By Peter Sellick - posted Wednesday, 1 August 2012

I would like to thank Ken Davis for his article "The gay marriage debate" because it makes some valid points about what the argument is really about.

He debunks homophobia as the reason for opposition as well as the hysterical arguments about the slippery slope.

Having said that I disagree with him in his conclusion that gay marriage should be introduced into our society.


I do not argue on religious grounds, rather, my argument against gay marriage is based on ontological considerations i.e. of the nature of being. These arguments are not based on evidence as if we could do a sociological survey or perform psychological experiments but on a deeper understanding of what sex and gender signify.

This understanding is deeper than a dictionary definition that may change with time, it is anchored in the depth of who we are as human beings.

The argument for gay marriage is based on the egalitarian argument, that it is unfair not to have gay marriage.

The problem with this is that ontological significations are ignored for the sake of fairness. But ontology cannot be decided on those grounds, male and do female exist, the sexual union of a male and a female is sexual in that it brings forth children.
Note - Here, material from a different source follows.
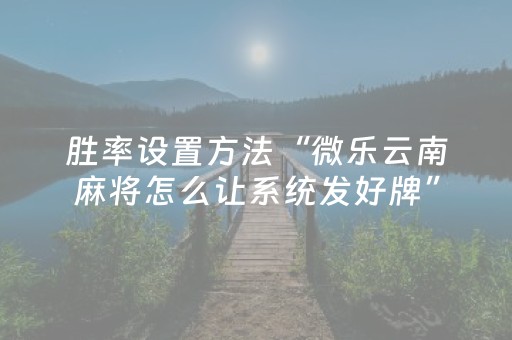 玩家必备教程“麻友圈2辅助器怎么安装（助赢神器通用版）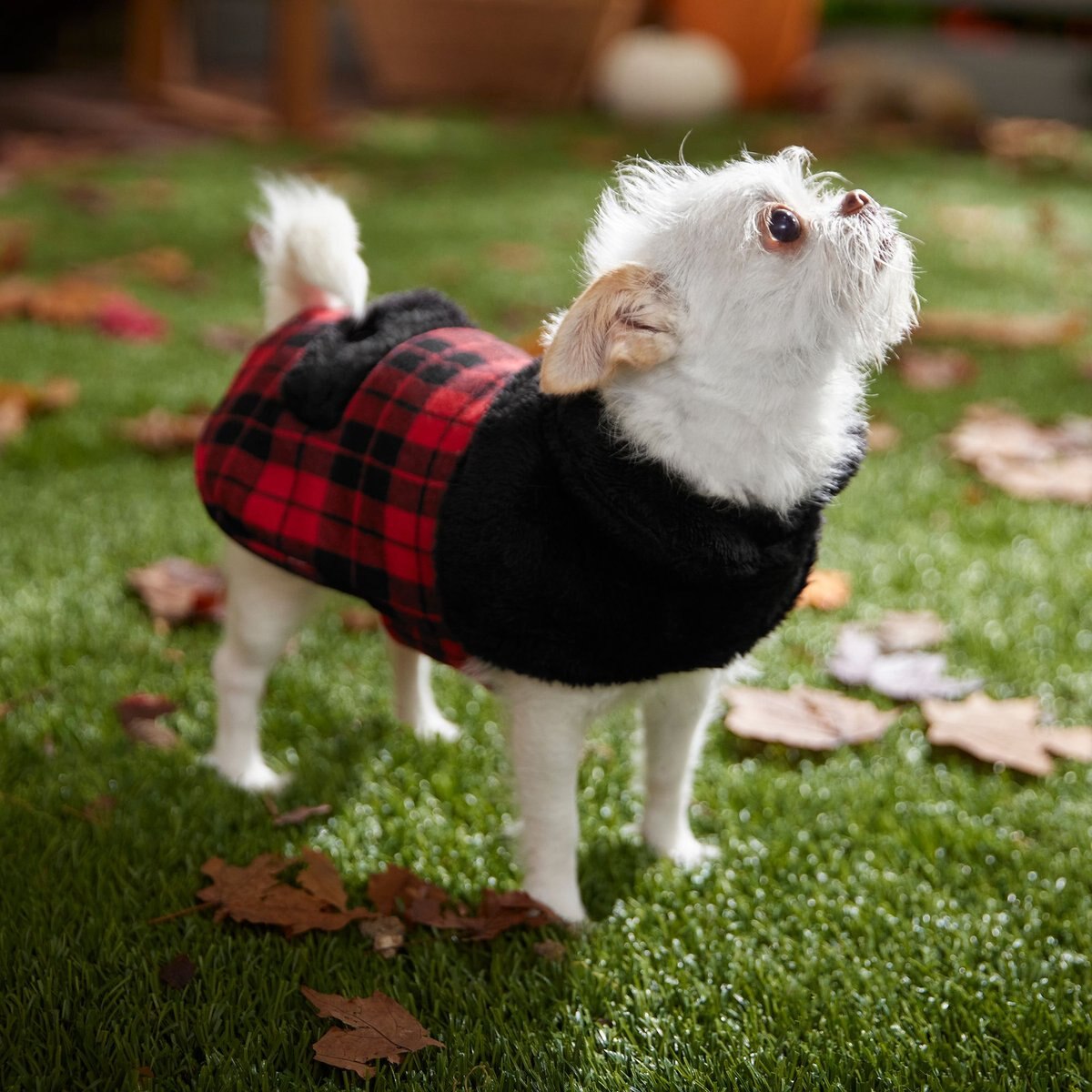 Frisco Mediumweight Plaid Faux Fur Dog and Cat Jacket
This understanding of marriage is not based on religious preconceptions although it is supported by them, it is based on the gender division inherent in humanity. Such division cannot simply be erased because gays want to push their egalitarian agenda to the last bastion: marriage.

The threat of gay marriage is that it erases difference that is indelible to the human condition. While political correctness champions the acceptance of difference, and I agree that gays should not be discriminated against, it also erases difference so that we have to ignore gender.


It is obvious that gays are different and the campaign for gay marriage seeks to erase that difference. We are to think that hetero and homo "marriages" are the same but clearly they are not. They may be long term and loving and I applaud that but they are not sexual in the ontological sense even if they are in the erotic sense.

This is the rub. Gay relationships are sterile and cannot be compared with normal marriage. This is the difference that precludes them from being called marriages.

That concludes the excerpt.